A Roman Catholic employee at a telecommunications company took a religious vow to wear an anti-abortion button at all times. The button showed a graphic full-color photo of a fetus.
Coworkers responded emotionally to the button and gathered together to discuss their concerns with their manager and others. Some threatened to walk out. The company determined that productivity decreased 40% during the period the button was publicly worn in the workplace.
In trying to balance everyone’s interests, the company offered the button-wearer three options: she could wear the button and cover it at work; she could wear it uncovered but only in the privacy of her own cubicle; or she could wear the button uncovered, so long as it bore no photograph.
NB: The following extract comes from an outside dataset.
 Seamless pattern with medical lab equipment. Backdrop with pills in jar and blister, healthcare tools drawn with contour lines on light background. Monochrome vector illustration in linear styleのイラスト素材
The employee was adamant that this was the button she had vowed to wear and that she could not remove or cover it. She continued to wear the button and, as a result, was fired.
Key Issue: An employee’s practices negatively affecting the productivity of coworkers.
Ruling: The loss of productivity was deemed an undue hardship under Title VII, so the court found for the employer.
Implications: This employer handled the situation well by working to respond immediately, and showing respect to the employee by offering three different options for accommodating her need. Firing the employee when she wouldn’t accept any of them showed the company’s determination to also recognize and respect the other employees’ beliefs, while gathering data about productivity was a wise move and strengthened the company’s case.
What should a manager do?
The manager must recognize that something has to be done quickly to resolve the situation. With organizational support, the manager needs to first make an attempt to create a solution that works for that specific employee as well all her coworkers. The manager can first meet with the employee privately and acknowledge the employee’s commitment to the issue and her religious vow. However, the manager must clearly explain the negative impact that wearing the button is having on her colleagues and the company.
It is also important for the manager to identify options to accommodate the employee’s religious beliefs without interfering with the workplace. When the employee accepted none of the options and continued to wear the button, the manager did the right thing in firing her. In such a case, the manager must document the situation thoroughly and document the negative impact on the company as well as the efforts to accommodate.